Renew On Line (UK) 64
|Extracts from NATTA's journal
Renew, Issue 164 Nov-Dec 2006
|Welcome Archives Bulletin|
15. Nuclear News
EPR public enquiry
Setting up a local public enquiry into the proposed construction of the European Pressurised-water Reactor (EPR) at EdF’s Flamanville site in N. Western France, prime minister de Villepin said the Flamanville reactor was ‘essential for our country’s energy future’. However, according to Modern Power Systems, current economic conditions have pushed the estimated cost of the development up by around 10% as steel and copper prices rise and the project is now estimated to cost some euro 3.3 bn, giving an estimated generation cost of euro46/MWh, a slight increase compared with the initial estimates. Given agreement from the Public Inquiry, which in France are relatively low key local affairs lasting a few weeks at most, construction is expected to start in 2007, with commissioning set for 2012.
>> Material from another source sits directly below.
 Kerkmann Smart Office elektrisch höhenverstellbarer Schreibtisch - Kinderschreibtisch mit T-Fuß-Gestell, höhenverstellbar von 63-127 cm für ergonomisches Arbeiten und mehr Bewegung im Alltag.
However, there are some unresolved issues- and some opposition. See our Reviews for a report on IEER’s claim that France could do without nuclear and still reduce emissions: www.ieer.org/reports/energy/france
Moreover, according to a leaked EDF report seen by New Scientist (18/5/06), the EPR is not designed to withstand a 9/11-style aircraft attack by terrorists. New Scientist said that the report claimed that the EPR ‘is capable of resisting an accidental crash by a five-tonne military fighter... but only by extrapolation does it argue that the reactor will also withstand the impact of a 250-tonne commercial airliner flown deliberately into it’, a view challenged by independent nuclear engineer, John Large, as ‘entirely unjustified’.
* As the Daily Mirrors’ spoof bomb attack on a waste shipment in a NW London railway siding in July illustrated, the UK also has security problems. A paper presented to the Committee on Radioactive Waste Management highlighted in particular the danger posed by liquid waste from the reprocessing of nuclear fuel at Sellafield. But the DTI’s Office for Civil Nuclear Security said it was convinced that the procedures for protecting civil nuclear installations and processes were ‘robust and fit for the purpose’, although it recognised that attention to some other issue, such as better waste conditioning, could ‘make a positive contribution to safety’. Sellafield already has a no-fly zone overhead and RAF fighters are ready to scramble if an aircraft enters the zone, plus other security measures, some imposed after 9/11, and is patrolled by its own armed police force- costing around £50m p.a.
*A web map showing the possible effects of a major accident at a UK nuclear plant (you can choose which), is available at: www.no2nuclearpower.org.uk/Chernobyl-UK.php
Spanish phase out ?
After a six month period of review/discussion, a government-led study has concluded that it was important to keep the public involved in the question of what to do about nuclear energy. It added that Spain had to take decisions on the storage of nuclear waste as quickly as possible. The Industry Ministry said ‘it is advisable to intensify efforts to provide objective information... so people can form opinions based on knowledge’.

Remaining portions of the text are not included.